[EDITORIALS]Leave the Retirement Age AloneThe move to extend the retirement age for teachers to 63 from 62, endorsed by the main opposition Grand National Party and the minor opposition United Liberal Democrats, is unpopular with the public. The average voter cannot understand the opposition zeal for change when the benefits seem so ephemeral. What difference will a one-year extension make, especially since there was so much difficulty in changing the age from 65 to 62 a few years ago? The Grand National Party argues that the move will put more teachers in classrooms and boost teacher morale.
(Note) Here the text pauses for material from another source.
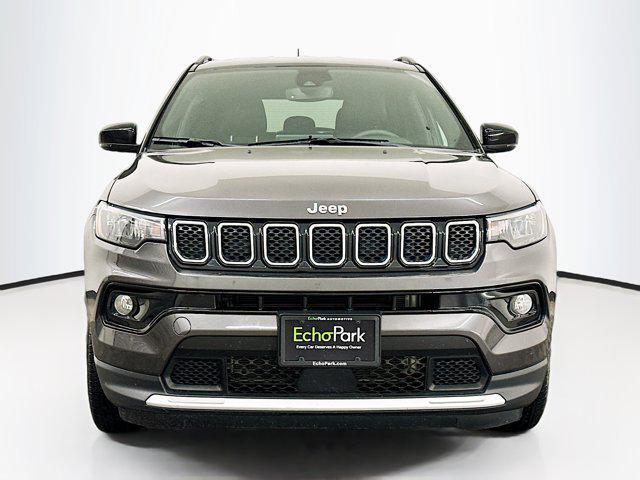 used 2023 Jeep Compass car, priced at $22,897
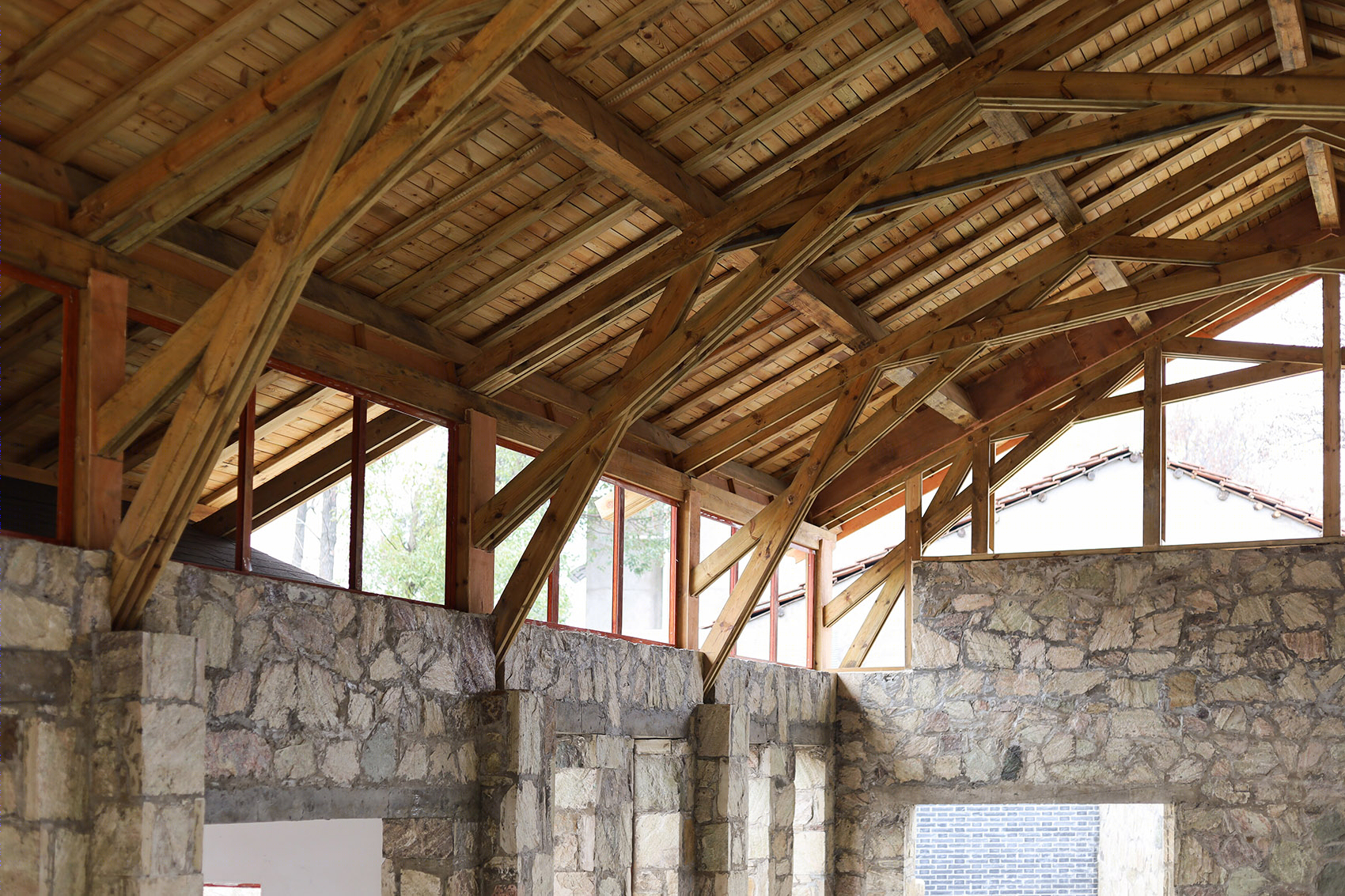 张培刚故居乡村礼堂丨华中科技大学谭刚毅教授工作室-30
Unsaid is that the party is also avenging its political defeat when the ruling party and the United Liberal Democrats forced the lower retirement age through the Assembly in 1999. But claims about more teachers and higher morale are not credible.
A one-year extension will not bring much change on the front lines of teaching. According to Education Ministry figures, 2,005 teachers including 726 elementary school teachers and 1,210 secondary school teachers would remain on the job, but only 93 elementary school teachers and 284 secondary school teachers would actually be teaching. The rest would hold administrative jobs.
Some teachers will hail the additional year of employment, but that should not be enough to overturn a decision made three years ago that fresh blood and an ability to adapt to new times was needed. Yes, teacher morale may rise temporarily. But what about those who have already retired, and what about parents who want old teachers out of the classrooms?
The Grand National Party may be smug about dealing a blow to one of President Kim Dae-jung's reforms. But its move is already drawing charges of "politics of power" and "politics of numerical weight" － the same charges they hurled at the president not long ago. Others contend that the move is a shallow political trick to woo some interest groups. A responsible political party should exercise its muscle on forward-looking policies rather than looking back in time to undo what has been done. Should the Grand National Party and minor opposition parties continue to behave this way, they will attract criticism that would otherwise be aimed at the ruling party for mismanaging government affairs.